### Problem details
Copy the lines below exactly. No picture goes into the copy.

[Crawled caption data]

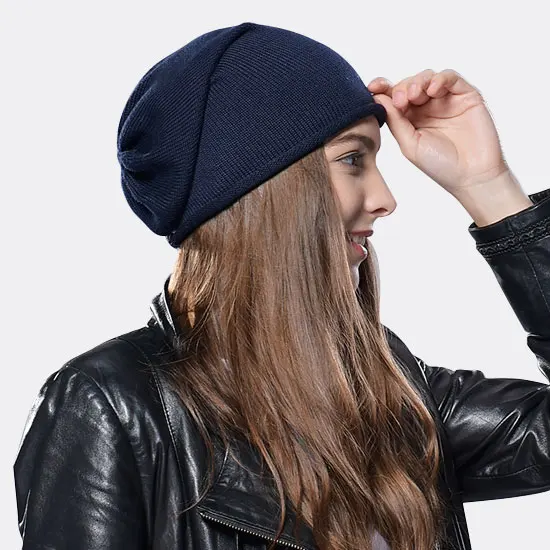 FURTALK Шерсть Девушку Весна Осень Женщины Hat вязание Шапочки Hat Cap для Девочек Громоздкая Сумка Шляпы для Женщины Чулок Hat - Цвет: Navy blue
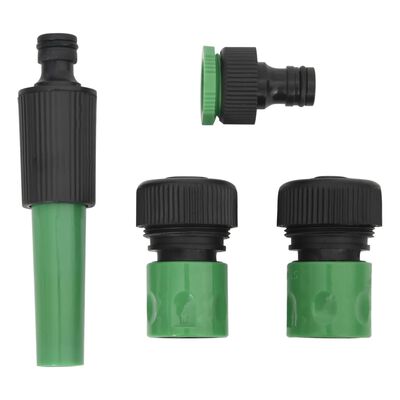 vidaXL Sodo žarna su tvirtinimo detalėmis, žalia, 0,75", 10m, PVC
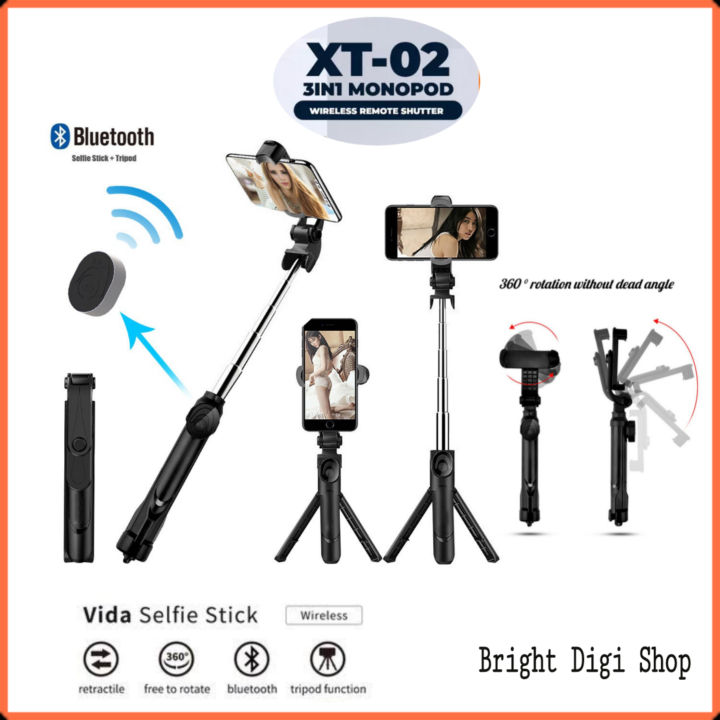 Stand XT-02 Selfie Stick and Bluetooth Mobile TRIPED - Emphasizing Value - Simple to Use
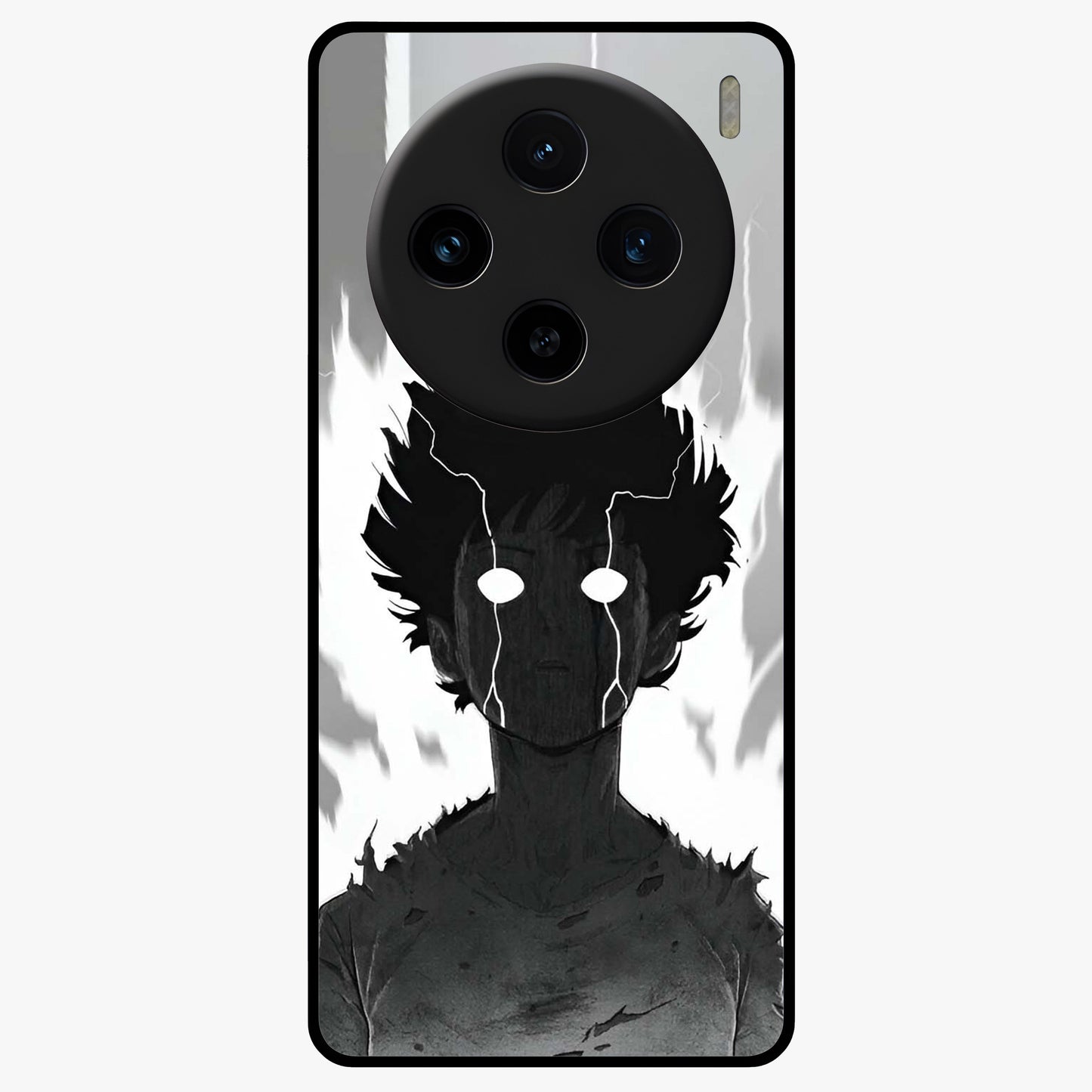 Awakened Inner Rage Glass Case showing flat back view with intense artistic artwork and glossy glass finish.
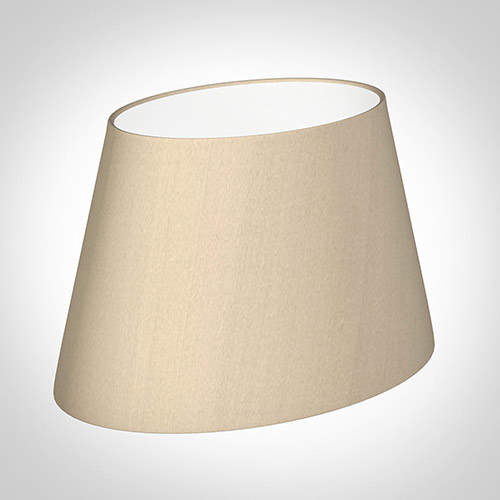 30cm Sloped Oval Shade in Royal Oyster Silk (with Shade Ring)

### Answer box
 FURTALK Шерсть Девушку Весна Осень Женщины Hat вязание Шапочки Hat Cap для Девочек Громоздкая Сумка Шляпы для Женщины Чулок Hat - Цвет: Navy blue
 vidaXL Sodo žarna su tvirtinimo detalėmis, žalia, 0,75", 10m, PVC
 Stand XT-02 Selfie Stick and Bluetooth Mobile TRIPED - Emphasizing Value - Simple to Use
 Awakened Inner Rage Glass Case showing flat back view with intense artistic artwork and glossy glass finish.
 30cm Sloped Oval Shade in Royal Oyster Silk (with Shade Ring)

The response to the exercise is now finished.